Of course, there are powerful influences on people’s choices. That pesky evolution also gave us a brain susceptible to persuasion when we see a reward for a choice.

‘Would you like to upsize that?’ has to be the easiest sell ever invented.

The demand side of food, at least in mature economies, appears driven by what people want and for several reasons, not all of them conscious, they want to eat a lot.

massive burger with four beef patties
Photo by Diego Lerena on Unsplash

Market power

It is tempting to view this as the market responding to need. 

People like sweet, salty and fatty food so supply foods with those tastes at a competitive price and the market does what it does best, it solves a resource distribution challenge. It meets a demand.

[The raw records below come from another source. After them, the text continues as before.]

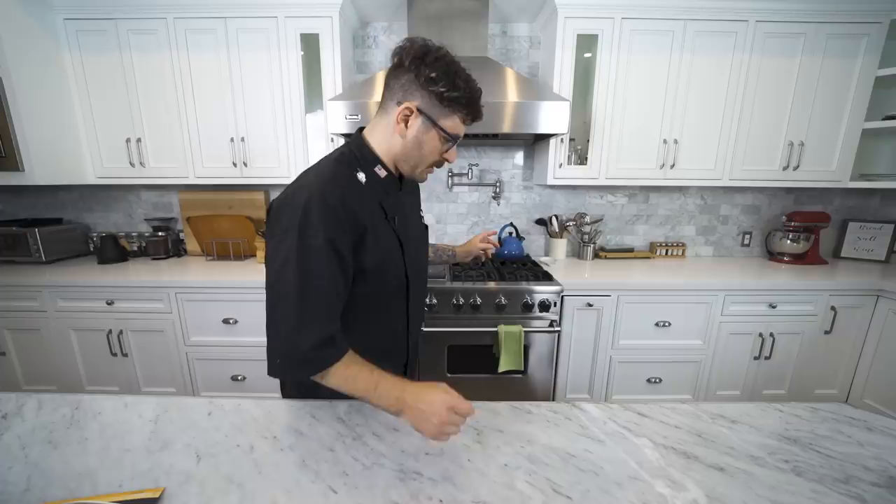Something weird happened in this kitchen recently — trying to figure out what it was. I feel like it has something to do with corn. Well, it was probably nothing, but the important thing is that we are back here.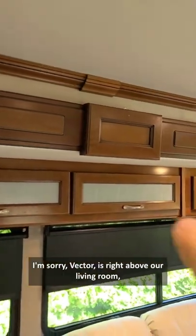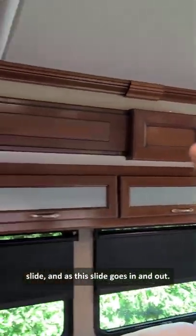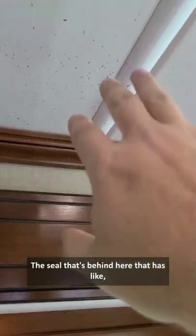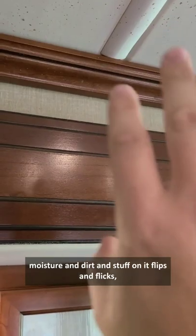So what is she talking about? This speckly stuff here is right above our living room slide. And as this slide goes in and out, the seal that's behind here that has like moisture and dirt and stuff on it flips and flicks this crud on the ceiling.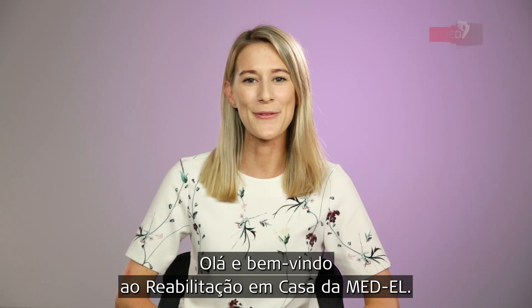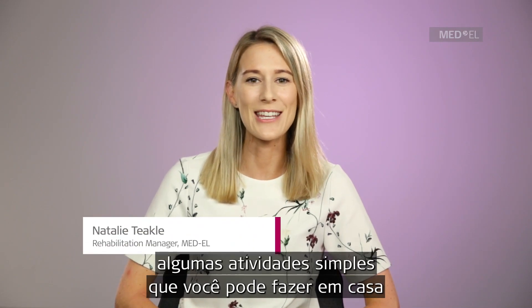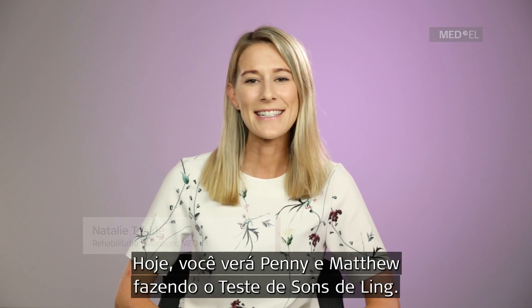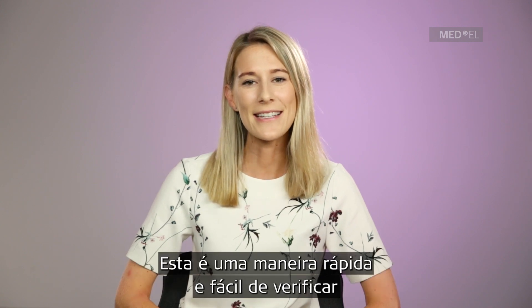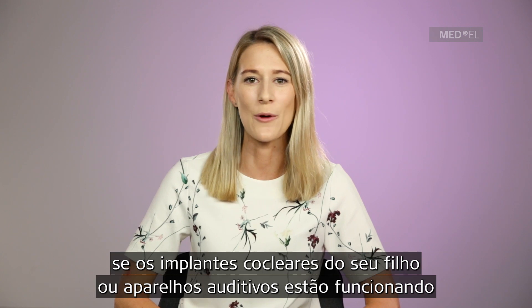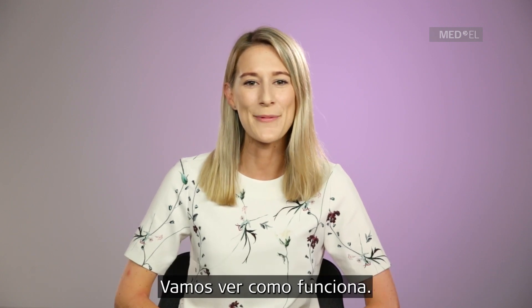Hello and welcome to Rehab at Home from MED-EL. In this series we will show you some simple activities that you can do at home to help your child with their listening and speaking. Today you will see Penny and Matthew completing the Ling Sounds Test. This is a quick and easy way to check that your child's cochlear implants or hearing devices are working and that they can hear all of the sounds of speech. Let's see how it works.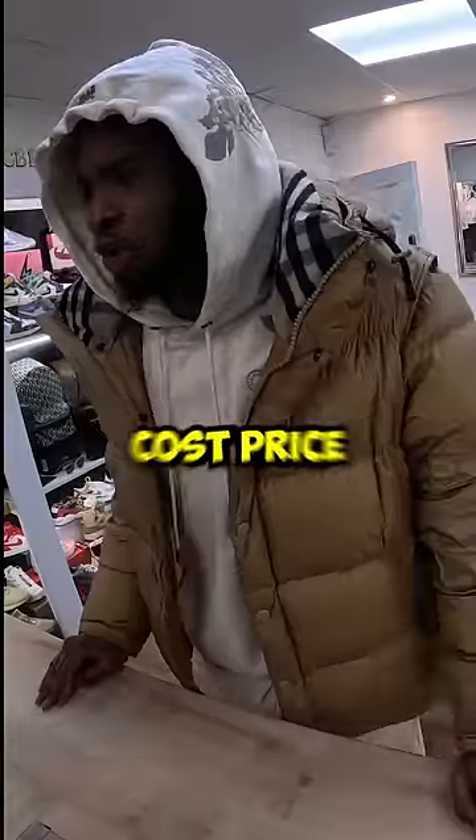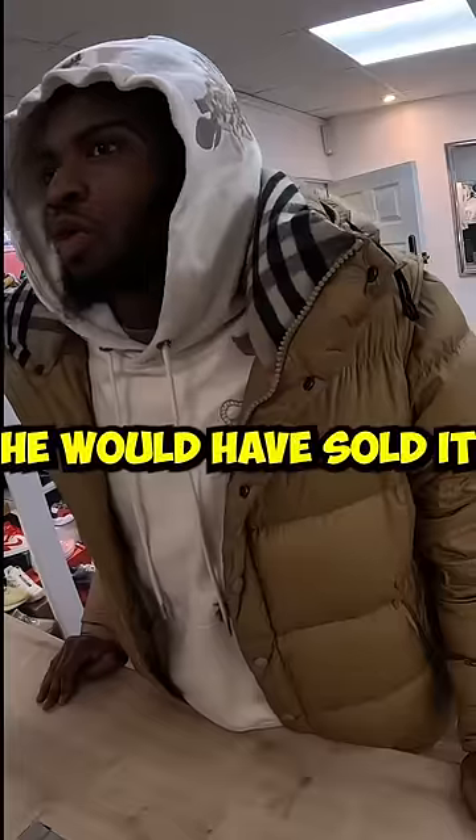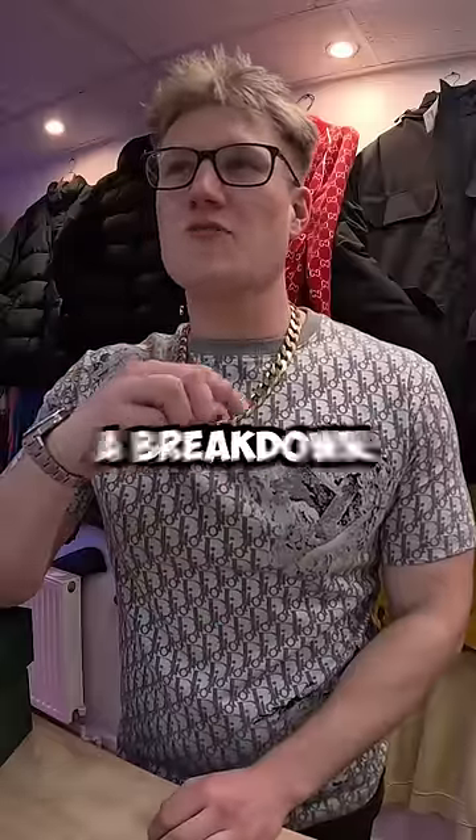So what have you paid for it? I paid roughly cost price of 7,000. You would have sold it for 15. Interesting to find that out, because I'll give you a breakdown.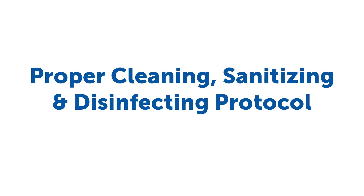Hi everyone, it's Katie from Hill & Marks and today we're talking about cleaning, sanitizing, and disinfecting. In order for your disinfecting and cleaning processes to be effective, you need to follow these directions.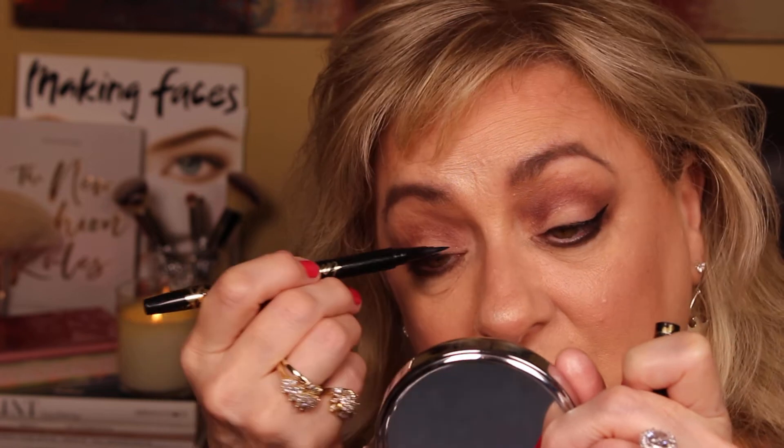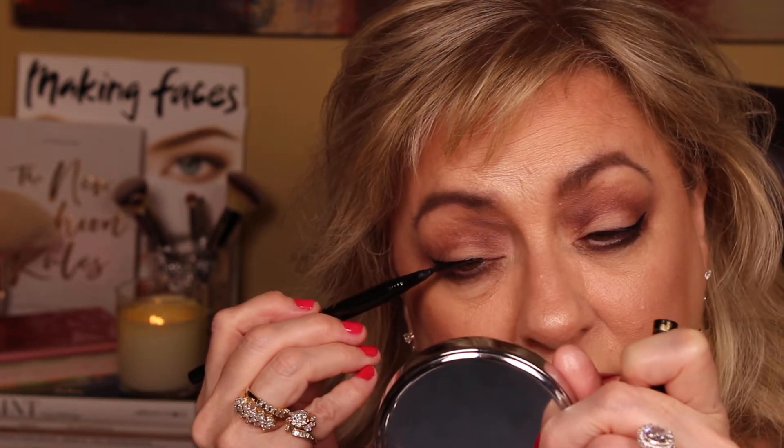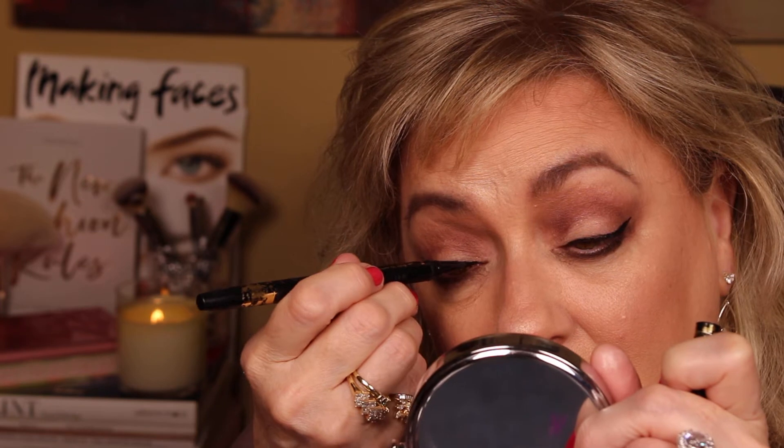You can just lay it on your lash line, almost like you're making dashes — not almost, you are making dashes, just connecting them. I'm going to go a little further in. You can use the tip to draw, and when it skips it's actually like a pin, so knock some of that down.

Intensive agriculture allows market players to meet demand with cheap commodities – grains, sugar, seed oils – that could be processed into a bewildering array of products that people like. This is not a coincidence.

Over human history, around 7,000 plant species have been cultivated for food but modern agricultural practices have whittled this down to roughly 170 crops grown on a commercially significant scale.  Just three crops, rice, wheat and maize, supply more than 40% of our daily calories.

Remember that the market is efficient. 

It harnesses competition to find the fastest, most efficient ways to get sales that return a profit. In food that has become economies of scale from size and simplicity at the production end combined with processing a small number of core ingredients into great complexity at the consumer end.

A supply chain is created that is super efficient at meeting the demand for food that people like.

The market met the need with supply…

And the rates of obesity climbed.

close up photo of uncooked rice
Photo by Pierre Bamin on Unsplash

Simplistic demand 

People have to eat and, when given a choice, we eat what we like. Only too much of what we like upsets our physiological balance, so meeting demand with empty calories meets the market requirements but not the human health need.

The market has a much simpler task than maintaining a healthy human body. What it does is generate cheap food that people can afford to buy as efficiently as possible to make a profit along the supply chain.

Markets see demand as an opportunity for sales.

Aided and abetted by a massive energy subsidy from fossil fuel use, lots of players enter the market and they rush to the bottom to find the cheapest foods most likely to sell. Grow what people like and make it easy for them to consume what they like. Everywhere this becomes a combination of grains, sugar, meat and eggs with small amounts of fruit and vegetables that becomes bread, cake, pies and any meat that goes with rice or sadza.

As competition at the bottom increases, value is added by maximising the efficiency of supply—a uniform crop grown at the largest possible scale—and by processing the crop into ever more fanciful delights that are easy to differentiate in the marketing buzz.

Production is simplified to increase efficiency, and complexity is added in processing to compete for customers.

The irony is that those grain crops—rice, wheat and maize—that supply nearly half the calories eaten are on supermarket shelves in various forms.

None of this has anything to do with what people should eat but it satisfies what they want to eat so efficiently that since the 1950s human population has quadrupled.

Simplistic demand was met and resulted in more demand.


Consequences of cheap food

This simplification of ingredients with diverse products is going on worldwide. The cheap industrially produced grains can be processed and transported everywhere. Wherever they arrive, the people eat them.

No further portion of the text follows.